Uno de los motivos dominantes de su discurso, entre una serie de lugares comunes que últimamente se acumulan en cualquier intervención pública presidencial, fue la elaborada exhortación a «apoyar a nuestros soldados». Es evidente que esto tenía que encontrar un eco muy favorable entre los asistentes al acto.
Una lectura somera del texto publicado basta para deducir que Bush no se sintió capaz de pedir al pueblo estadounidense un apoyo manifiesto a la política desarrollada en Iraq, como hizo en ocasiones anteriores. Tan desacreditada está ya dicha política -según indican los últimos sondeos de opinión- que parecería un empeño chusco, cuando no contraproducente, insistir en ese aspecto. En vista de lo cual recurrió a solicitar el apoyo popular a los soldados de EEUU desplegados en Iraq y Afganistán. ¿Quién no apoyaría al propio ejército, tanto más cuando continúa sufriendo bajas?
En esto consiste precisamente la trampa del discurso de Bush. Es natural que quienes defienden con entusiasmo la política de un Gobierno respalden la acción de los ejércitos desplegados sobre el terreno para llevarla a cabo. Pero cuando se disiente esencialmente de esa política es imposible aceptar y dar por buena la misión que los ejércitos están desempeñando. En este caso, el verdadero apoyo a los propios soldados consistiría en exigir que cesen de sufrir bajas indeseables e inútiles y que el Gobierno organice del mejor modo posible su necesaria retirada. Asunto importante, pero no esencial para lo que nos ocupa, es que tal retirada se haga de modo que no implique consecuencias más nefastas -para Iraq, para Oriente Próximo y el resto del mundo- que las que trae consigo la ocupación.
A lo largo de la Historia son incontables los soldados que han muerto por causas muy diversas, con valor y heroísmo al servicio de los demás. Pero no todos murieron para lograr un mundo mejor, más libre, digno, justo o seguro. Algunos sirvieron a su país con coraje y abnegación, hasta el sacrificio personal, en guerras injustas, opresivas o criminales, que agravaron la suerte de muchos pueblos.
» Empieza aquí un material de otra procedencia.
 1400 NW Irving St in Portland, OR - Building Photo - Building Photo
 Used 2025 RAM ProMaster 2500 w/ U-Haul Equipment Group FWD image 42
Mostrando las mismas cualidades en el combate y la misma entrega a su sentido del deber, unos y otros inspiran necesariamente consideraciones opuestas.
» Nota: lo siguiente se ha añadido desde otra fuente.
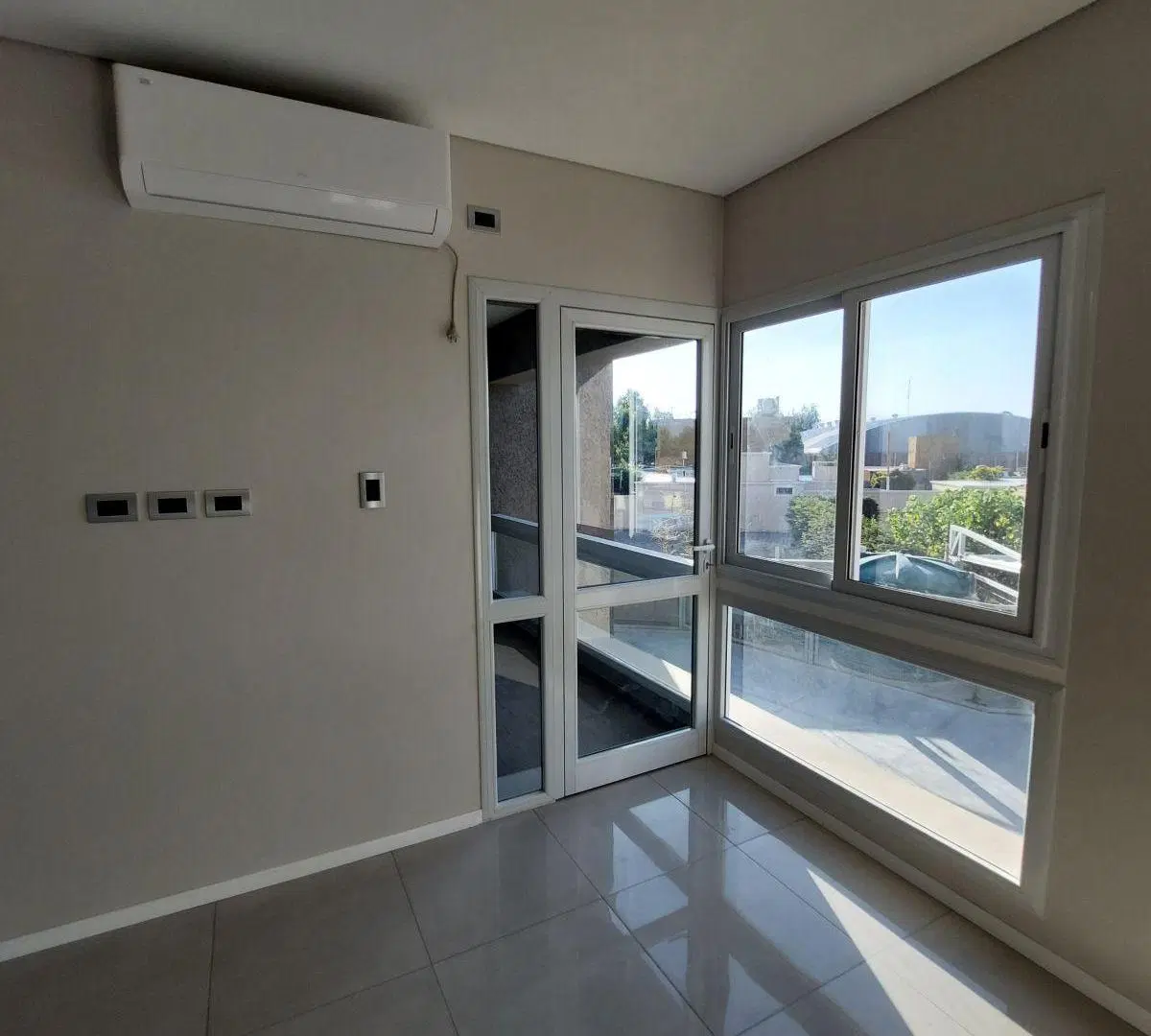 Santa Lucía, dpto. 1 dormitorio con cochera. 5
No es traidor a su pueblo el que sabe distinguir entre éstas y tiene la valentía de proclamar (como ocurrió en EEUU durante la guerra de Vietnam) que no es antipatriota el que se opone a una agresión injusta de los ejércitos propios, cuyos efectos en último término padece, como ocurre casi siempre, una población civil inocente.
La trampa se completa porque cada nuevo muerto en combate es utilizado como un argumento reforzado para continuar la intervención militar, en una espiral sin límite. Para salir de ella es preciso que la población entienda que puede oponerse abierta y tenazmente a una política que considera intervencionista y agresiva, sin que por ello ponga en peligro la vida de sus soldados que, al fin y al cabo, son sus propios hijos. Saber reconocer que algunos de ellos han muerto inútilmente y por una causa equivocada es muy doloroso pero, en todo caso, es mucho mejor, a la larga, que persistir en una cadena de engaños y justificaciones falsas que, tarde o temprano, acabarán desvelándose.
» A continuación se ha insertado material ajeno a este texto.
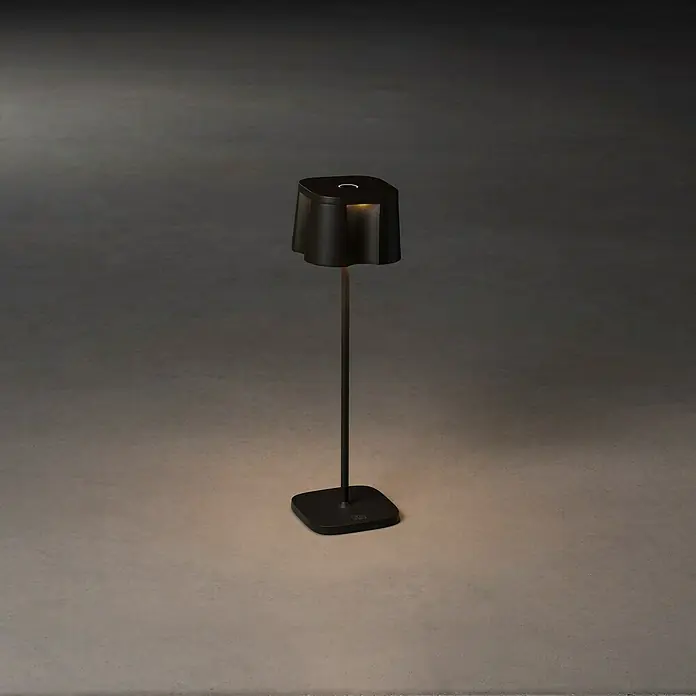 Konstsmide Akku-Tischleuchte Nice - 2,5 W, L x B x H: 10 x 10 x 36 cm, Schwarz, Warmweiß - Elegante dunkle Tischleuchte mit schlankem Ständer und quadratischem Sockel, die ein sanftes Umgebungslicht erzeugt.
Pero hay otra cara de la misma moneda: los gobernantes que decidieron y emprendieron ese tipo de guerras son los que habrán de responder -ante su pueblo y ante la Historia- por el despilfarro inútil de lo que la nación puso en sus manos: las vidas de los que tenían como misión defenderla. Esto, a pesar de que raras veces los pueblos lleguen a tener ocasión de juzgar y castigar a sus gobernantes delincuentes y aunque el juicio de la Historia se produzca, como suele ser usual, demasiado tarde.